Do you know why Relationship Surveys are so Important?
While some of our mothers may protest to the contrary, nobody’s perfect. Credit unions are the same. If you’re looking for ways to improve your business, where would you start?
We figure the best way to begin the slog toward improvement is by assessing where you currently stand in the eyes of your members. You can get a good picture of what they think by taking a short relationship survey; their opinions about you can tell you whether you’re on the right track or if you need to seriously reconsider the direction you’re going.
You’ll probably start by finding your net promoter score (NPS). The survey results will be a number between -100 and 100, wherein a positive number reflects the great job you’re doing, and a negative number shows you by how far you’ve missed the mark.
Okay! Time to Take a Survey!
Not so fast! What, pray tell, are you planning to ask in this survey?
Challenge mode: you get only one question.
What to Ask in a Survey
If you’re ready to see your NPS, you’ll have to ask a question that the survey can adequately score. You have two main options, both of which measure some aspect of how your business is performing. The first option is to ask, “how are we doing?” The second option is to ask, “how did we do?” They’re remarkably similar questions that measure very different things.
The first question—“how are we doing?”—measures the strength of the bonds you’ve built with your members. This question is what we call a relationship survey. A negative response indicates a relationship that needs work, whereas a positive response confirms that whatever it is that you’re doing, it’s working. Asking “how are we doing” will give you insight into general customer satisfaction.
The second question—“how did we do?”—measures your performance during a specific transaction.
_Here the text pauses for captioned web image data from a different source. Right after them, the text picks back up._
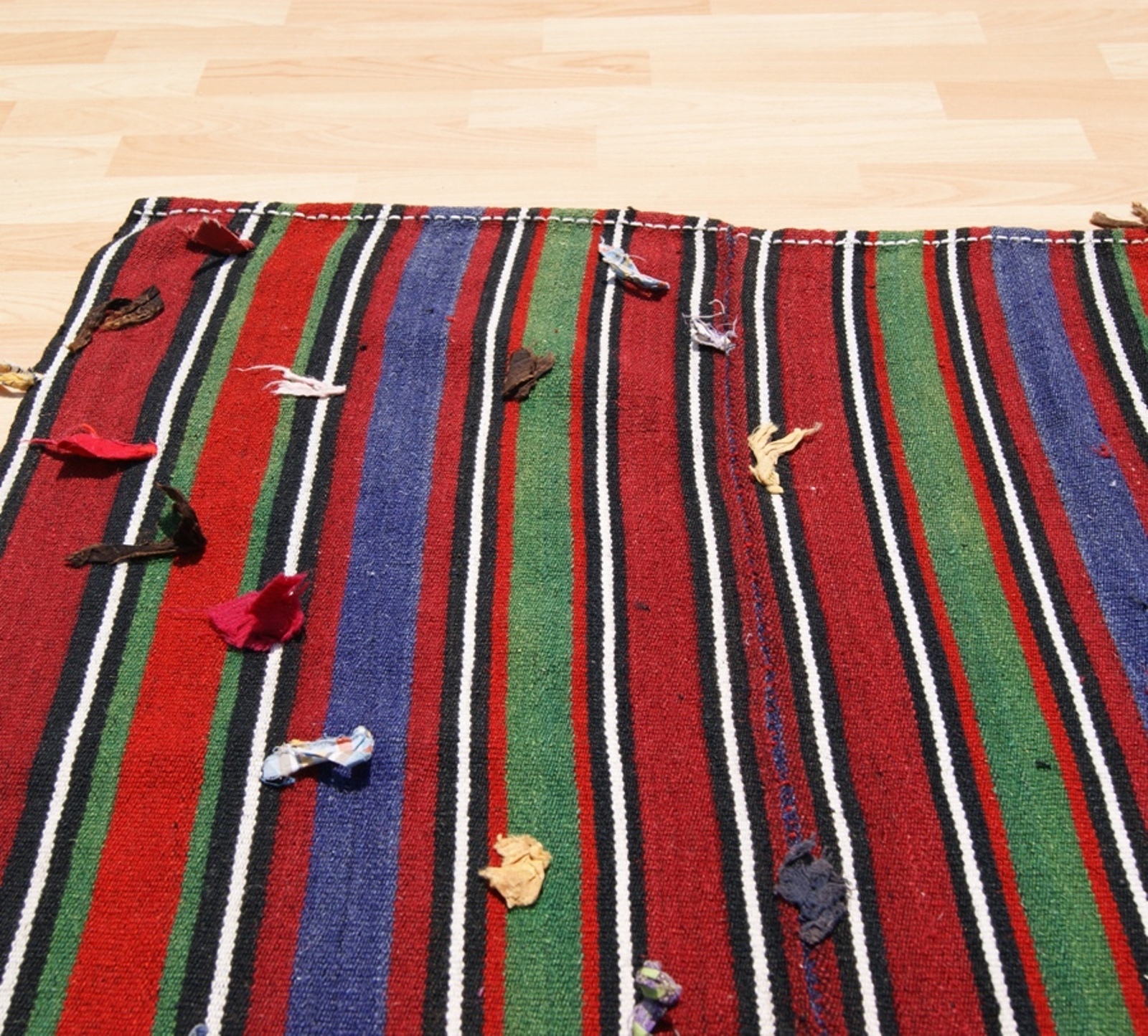 TURKISH KILIM WOOL HAND WOVEN RECTANGLE MULTI COLORED KELIM 30+ AREA RUGS 8X9ft gallery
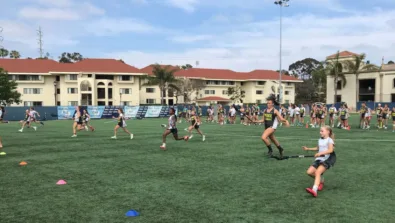 San Diego Nike Lacrosse Camp Running Drills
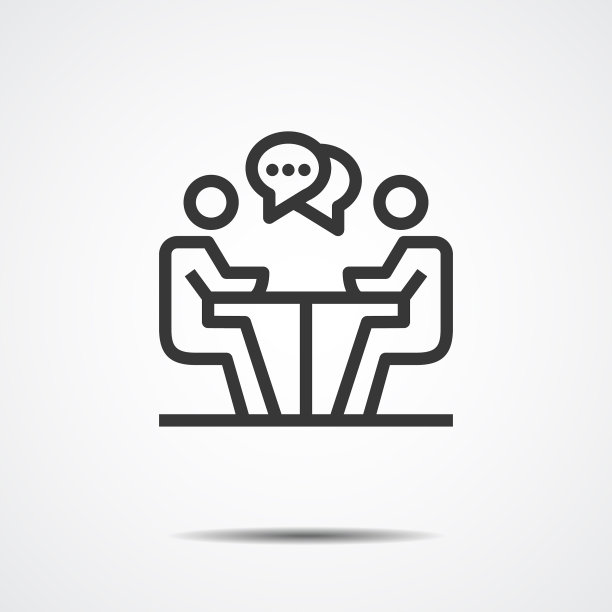 会议图标业务矢量插图图片下载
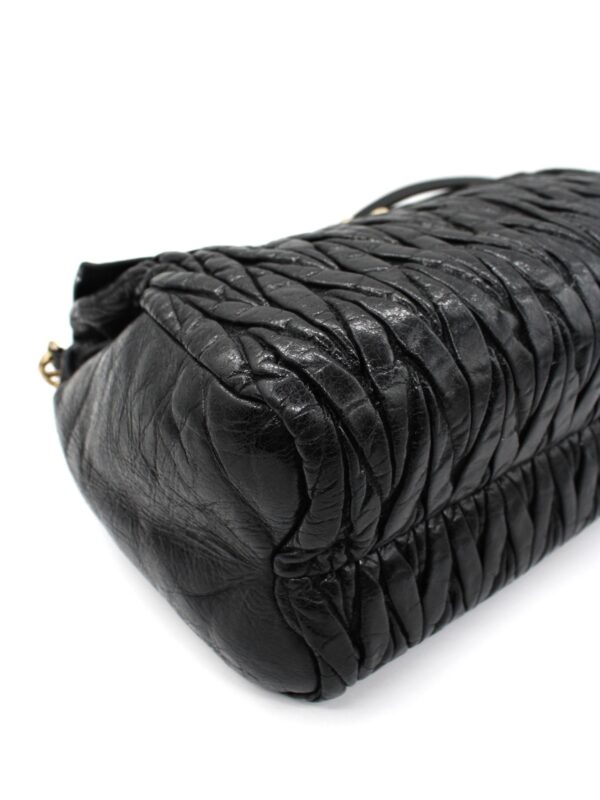 Borsa Miu Miu in Pelle Nera Matelassé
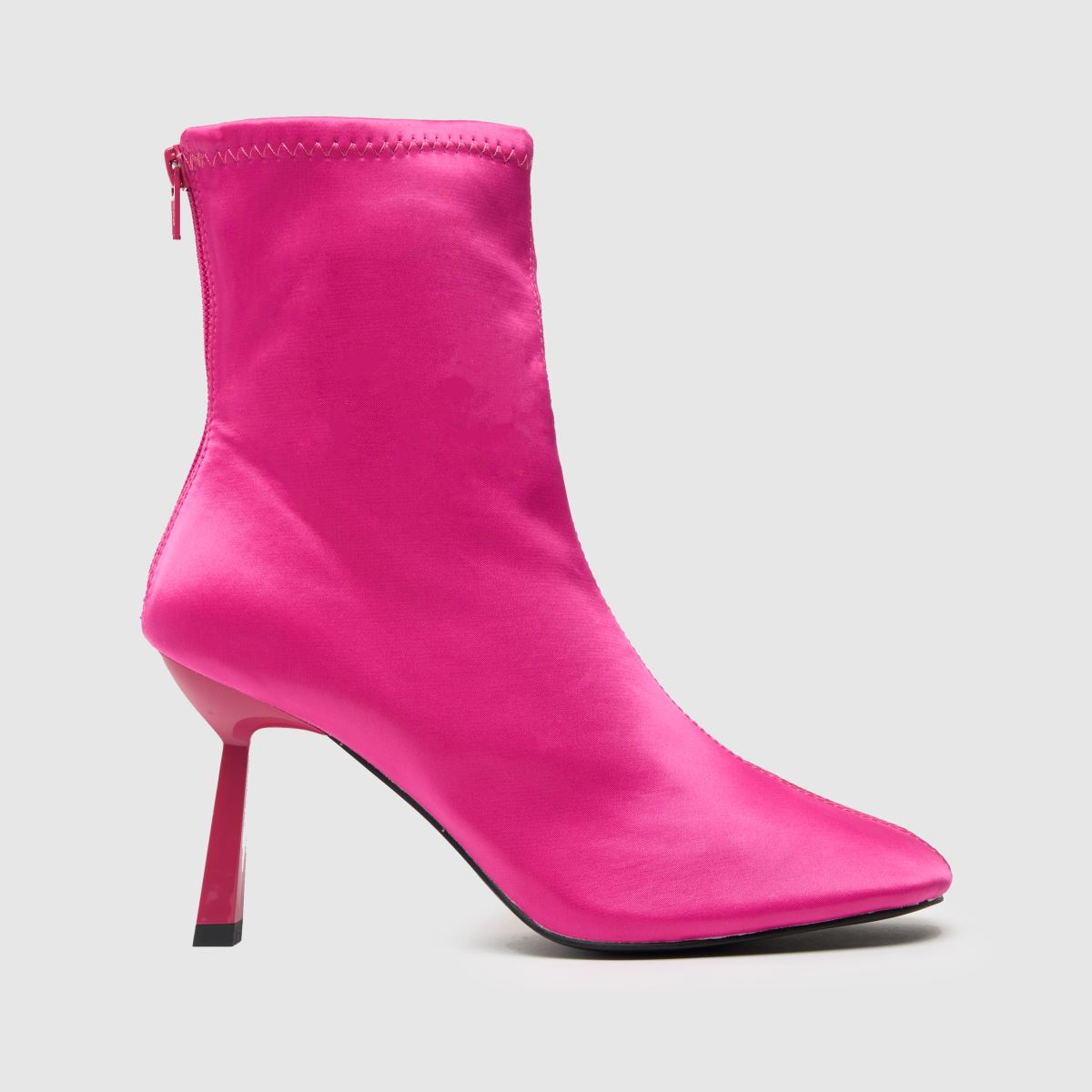 Schuh – Beatrix – Rosa sockstövlar i satin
Questions following this format are called transactional surveys, and they tend to measure specifics rather than generalities.
The best first step you can take to assess how your members see you is by administering a relationship survey. The first time you ask “how are we doing,” you get a baseline picture of where you stand. From there, you can set a realistic goal and develop a plan to get there.
Periodically, you’ll need to ask the same question again. By repeating the same question quarterly or yearly, you can begin to track your progress. If you’ve introduced new features, or spent more time training for customer service, you can determine whether your efforts have had an effect on your NPS.
Relationship surveys are designed to give you a broad understanding about whether or not your customers like doing business with you. If they like you, they’re far more willing to put up with a couple hiccups or missteps on your part. If they don’t like you, they’re far less likely to forgive any grievances.
When Not to Administer Relationship Surveys
Relationship surveys are all about the big picture, though. If you’d like to see how your members feel about the experience of depositing checks, or taking out a loan, or banking online, you’d be better served by a transactional survey: asking “how did we do” after a transactional event will let you know how members feel about their experience with specific services.
Both questions are designed to help you better understand how you’re doing in the eyes of your members. A mediocre relationship score might not give you all the information you need. However, if you follow up with a transactional question that reveals a negative NPS, you may have a clue about what to target for improvement.